- Exercise goal:
The records that follow must be repeated exactly, line by line.

(Items from a dataset)
--
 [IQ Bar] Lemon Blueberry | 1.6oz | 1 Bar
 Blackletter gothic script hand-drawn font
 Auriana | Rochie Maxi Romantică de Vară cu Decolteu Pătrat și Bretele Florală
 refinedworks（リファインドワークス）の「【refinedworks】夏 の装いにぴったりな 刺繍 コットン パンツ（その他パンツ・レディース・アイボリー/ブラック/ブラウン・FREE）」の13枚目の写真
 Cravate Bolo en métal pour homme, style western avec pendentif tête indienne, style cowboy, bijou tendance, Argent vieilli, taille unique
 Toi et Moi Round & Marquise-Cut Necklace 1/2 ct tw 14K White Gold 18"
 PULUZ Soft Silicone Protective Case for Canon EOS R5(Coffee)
--
- Exercise output:
 [IQ Bar] Lemon Blueberry | 1.6oz | 1 Bar
 Blackletter gothic script hand-drawn font
 Auriana | Rochie Maxi Romantică de Vară cu Decolteu Pătrat și Bretele Florală
 refinedworks（リファインドワークス）の「【refinedworks】夏 の装いにぴったりな 刺繍 コットン パンツ（その他パンツ・レディース・アイボリー/ブラック/ブラウン・FREE）」の13枚目の写真
 Cravate Bolo en métal pour homme, style western avec pendentif tête indienne, style cowboy, bijou tendance, Argent vieilli, taille unique
 Toi et Moi Round & Marquise-Cut Necklace 1/2 ct tw 14K White Gold 18"
 PULUZ Soft Silicone Protective Case for Canon EOS R5(Coffee)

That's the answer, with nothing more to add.